Future development plans

The basic behaviour of ALP is already in place, but the plan is to keep adding useful features as ALP is used by researchers and the developer gets feedback. Please take a look at the project's issue tracker to view, comment on and add your own feature requests for future releases.

Development plans in the context of WordPress upgrades

The intention is for ALP to track the latest improvements to WordPress and Gutenberg as much as possible. Any feature that is provided by ALP that becomes available in WordPress Core will probably be removed from ALP quite soon after. The author does not have enough time to support many different versions of WordPress, and so the latest release will always be the focus. If a new core WordPress feature is released in the future that does something very similar to what ALP provides, then it is likely that the corresponding ALP feature will be removed. If in order to avoid breaking installations, some maintenance is required, instructions will be provided for system administrators to perform the necessary changes and the ALP release removing the feature will be given a new major version number.

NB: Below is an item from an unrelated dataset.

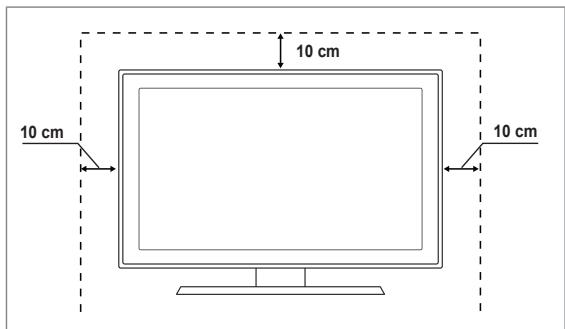 SAMSUNG LE40B551A6P - Assemblage des câbles - 3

WordPress is in a period of transition: the new Gutenberg editor has introduced a completely different way of writing content. The feature roadmap shows a plan to eventually replace most of the configurable parts of WordPress with Gutenberg-based assets.

Two changes of particular note are:

  • The navigation menu and sidebar will probably eventually be converted to use Gutenberg blocks, with existing widgets and menu configurations becoming "legacy" types. The widgets provided by ALP will likely therefore be made into blocks.
  • There is a possibility that a table of contents block will become part of the core WordPress block library (see this, this and this). The ALP table of contents block is auto-generated on page load, so it probably won't disrupt too much to use the new block instead.

Credits

This plugin was entirely authored by Sean Leavey, but in some cases code was adapted from other GPL licenced plugins. Features from the list of plugins below have inspired features in ALP. Some bug reports and fixes discovered during the making of ALP have also been pushed back to these plugins and WordPress itself: 1, 2, 3, 4, 5, 6, 7, 8, 9, 10 11, 12, 13, 14, 15, 16, 17, 18, 19

Co-Authors Plus

Authors: Mohammad Jangda, Daniel Bachhuber, Automattic, Shepherd Interactive, Mark Jaquith Link: Co-Authors Plus

Some of the code from this plugin has been adapted into ALP, but the main behaviour has been heavily modified to function using the block editor in WordPress 5.

WP-Post-Meta-Revisions and Revision Notes

Authors: Adam Silverstein, Helen Hou-Sandí Links: WP-Post-Meta-Revisions and Revision Notes

These plugins inspired parts of the design of ALP's edit summaries feature.

Authenticator

Authors: Inpsyde GmbH Link: Authenticator

The core authentication code, and the feed HTTP authenticator, have been adapted with only a few changes. The special settings page, private feed keys and cookie lifetime setting have been removed.

Simple Life

Author: Nilambar Sharma Link: Simple Life

The look and feel of the Labbook theme recommended for use with ALP has been inspired by Simple Life, but the templates are not based on Simple Life's code, but rather based on boilerplate code provided by Underscores.